I mean, I can barely keep a conversation with him for more than 15 minutes (what am I doing differently with him than with my other friends??). I see him once every month or two and it's always such a struggle to have time ALONE-alone with him (what with his friends calling everytime I have time with him), period. It's like I have to get in line to get priority or whatever. I know this may seem a bit like "omg wtf she's a freak"-status. But seriously...is a relationship supposed to make you cry more than you laugh? Are you supposed to miss someone so much, you come off as freakishly clingy? Are you supposed to feel lonely and insignificant? Is it even supposed to get to that point? Am I fucking doing this right?

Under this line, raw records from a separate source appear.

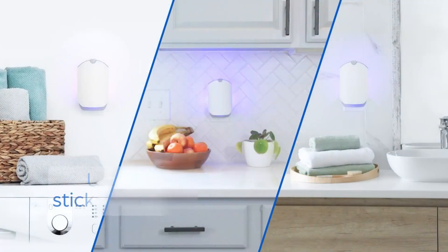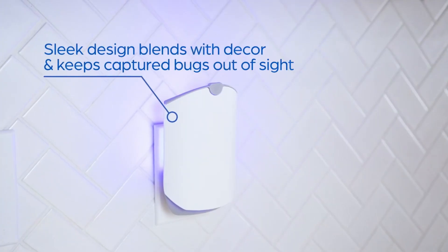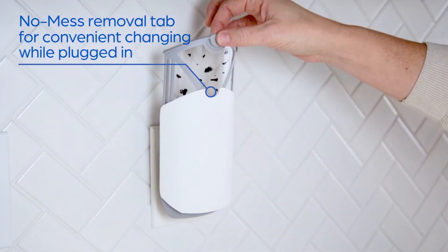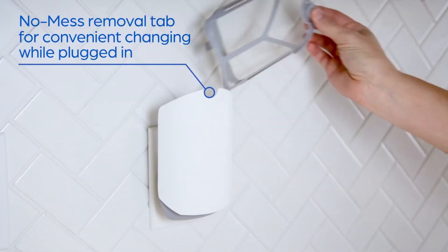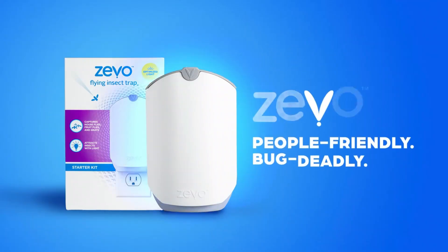Tired of dealing with annoying flies, fruit flies, and gnats in your home? The Zevo Flying Insect Trap is your ultimate solution. Don't wait. Check out the link in the video description now to get your Zevo Flying Insect Trap on Amazon and enjoy a bug-free home today.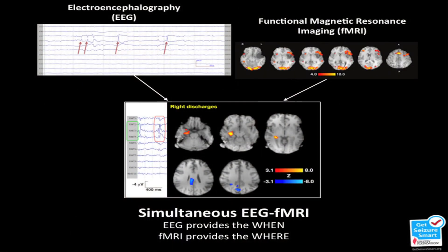fMRI is a little slow, especially compared to EEG. But with my project, we combine these techniques together — EEG telling us when these epileptic spikes are occurring, and fMRI showing us where in the brain is active at that moment.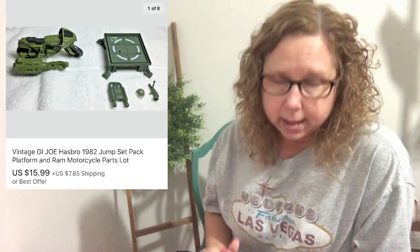Next up is the vintage G.I. Joe Hasbro 1982 Jump Set Pack Platform and RAM Motorcycle — that's the little platform the little guy can jump off from. He was part of that same lot and we sold that for $15.99.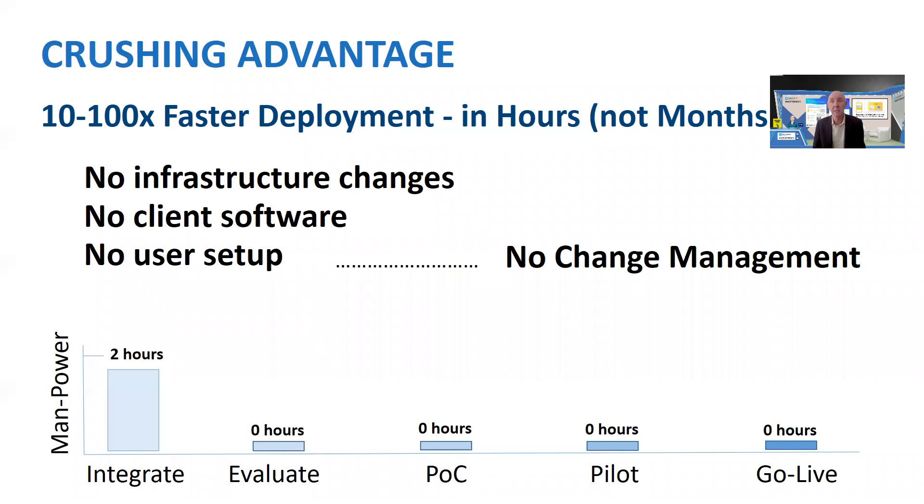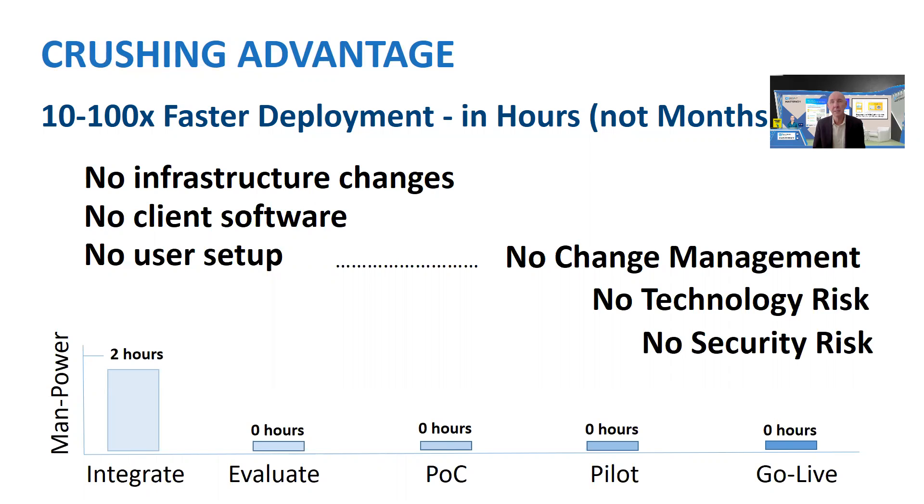It's purely a function of who you give access to that web page, and you could go live literally overnight because there is no technology risk. The system has no single point of failure.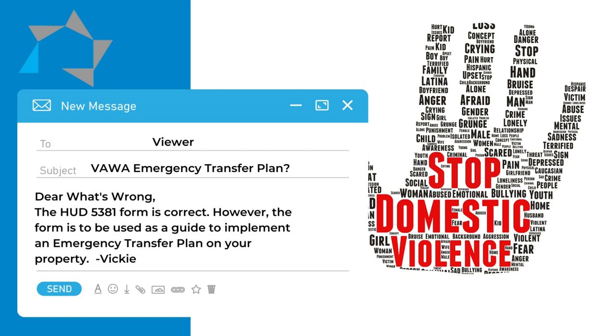The plan must tell what your company will do as it relates to emergency transfers. Do you have another sister property to transfer to, or will you help them find assistance at another affordable property? Owners and agents may require tenants seeking an emergency transfer to provide a written emergency transfer request — if they do, that would be HUD form 5383.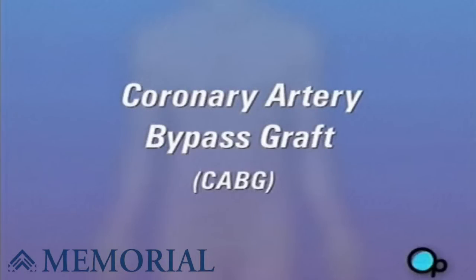Your doctor has recommended that you have coronary artery bypass surgery. But what does that actually mean?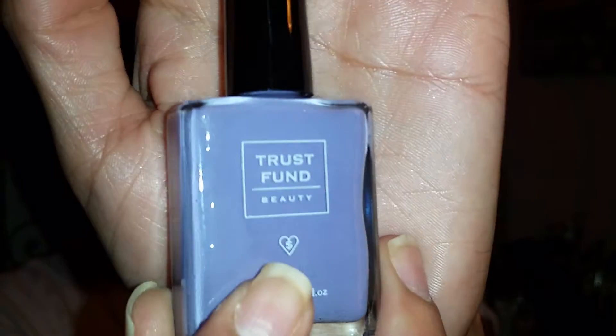Let's just see what I got — the first thing in my bag. So the first thing I got was this Trust Fund Beauty nail polish, and here's a cute little box it comes in. Let's see what color it is — oh, it's a beautiful light purple color! Let me try it on my fingers. Oh, it's so pretty! The name on the box is 'Elegantly Wasted' — here's that beautiful color right there.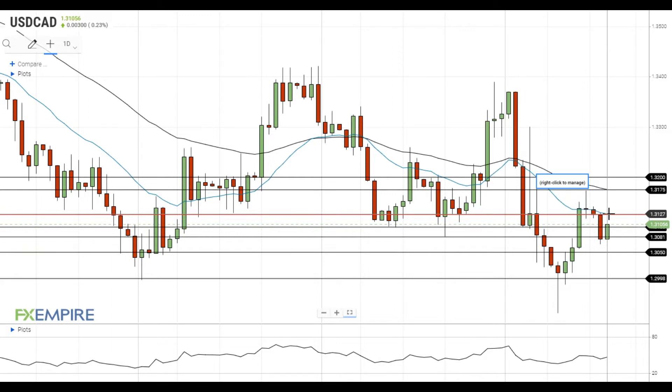In case the pair manages to settle above this level, it will head towards the next resistance at the 50 EMA at 1.3175, which is followed by the resistance at 1.32.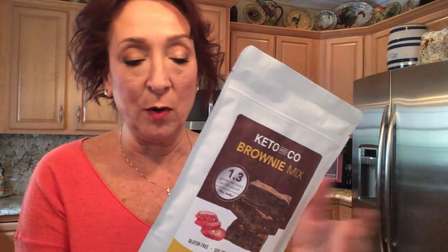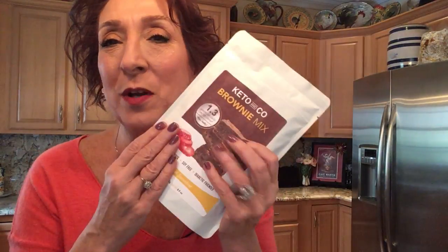Next out is Keto and Company brownie mix. We've tried the Good D's brownie mix before and did like that one — you'll find that in a previous Keto Crate unboxing post. This one has 1.3 grams of net carbs in a serving — as in a brownie. We're going to try this, and when I do the review I'll also compare it with the Good D's, so watch for that.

When people ask me how we are, I'm too pig-headed to say that I'm dissatisfied or upset about how I haven't seen much of him in weeks... and sometimes I'm really not. I guess it's just that I'm clinging to the hope that the next time I see him, he can prove to me that he does care. And that is basically why I'm still in. But should it take THIS much waiting...? It's our year and a half in 3 days... we shall see.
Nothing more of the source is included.